Input data -
____________
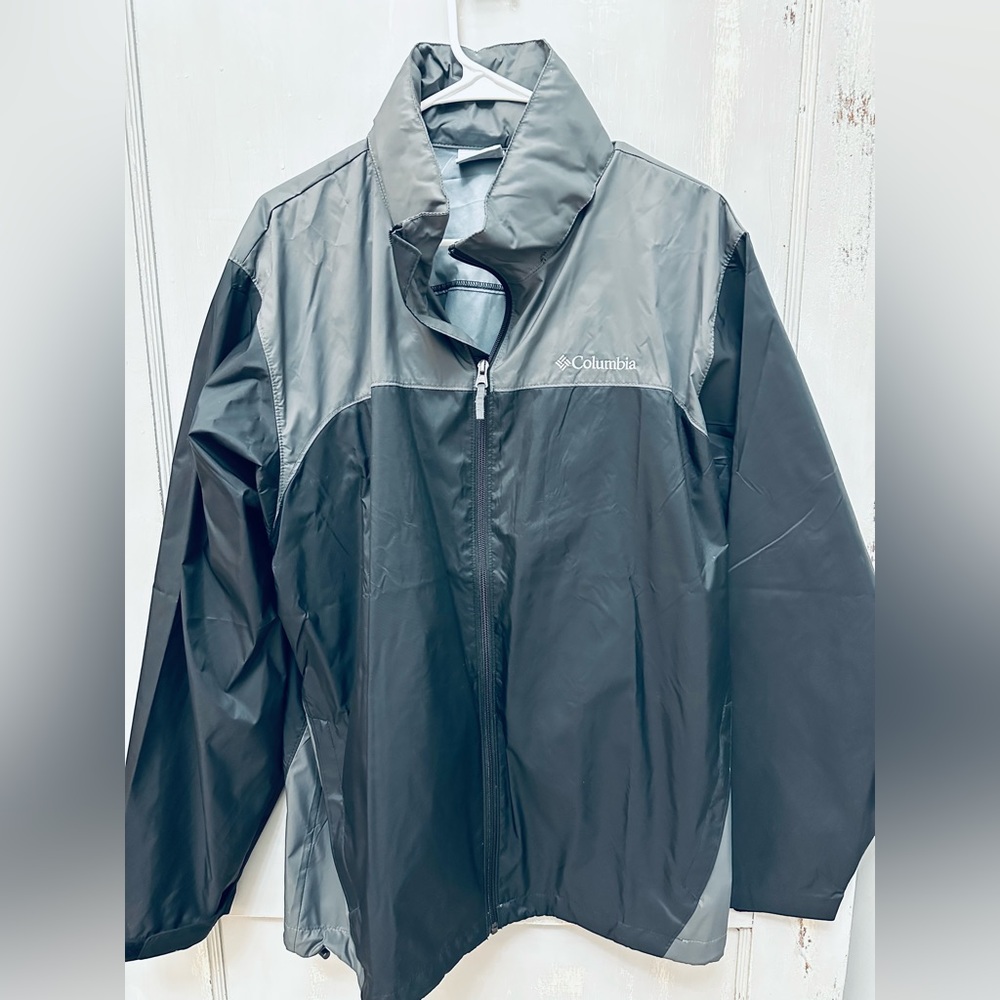NWOT Men’s Columbia Rain Jacket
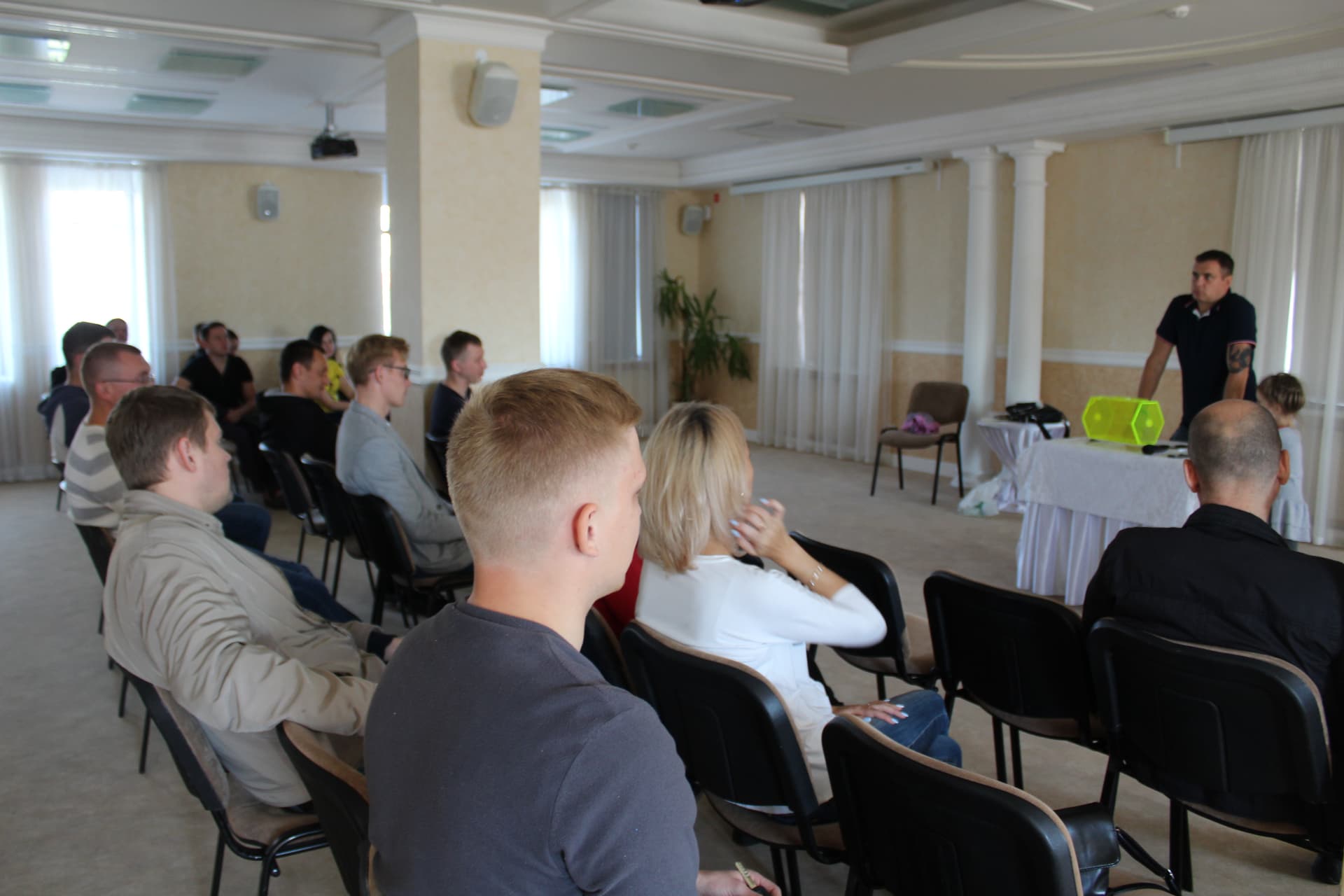 Компания ООО “Миллион друзей” провела розыгрыш среди своих клиентов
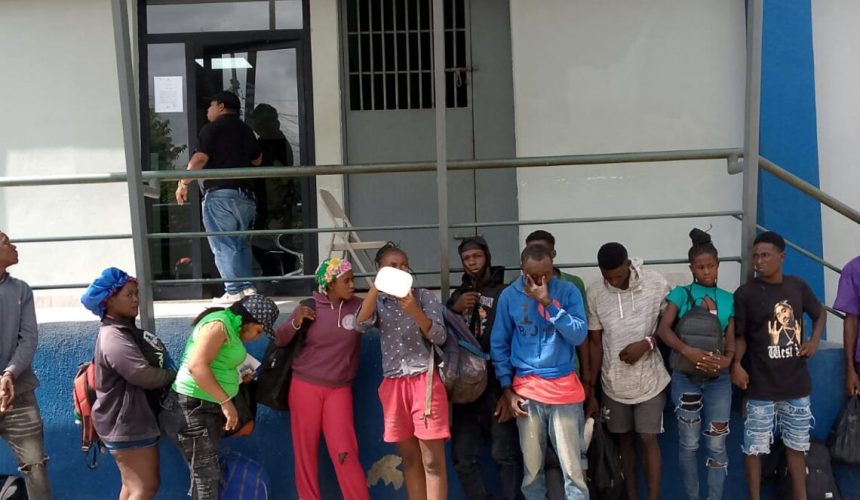Arrestan dominicano transportado 20 haitianos indocumentados en Dajabón 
____________
Task item - Would you return the material exactly, images excluded?

Output -
NWOT Men’s Columbia Rain Jacket
 Компания ООО “Миллион друзей” провела розыгрыш среди своих клиентов
Arrestan dominicano transportado 20 haitianos indocumentados en Dajabón 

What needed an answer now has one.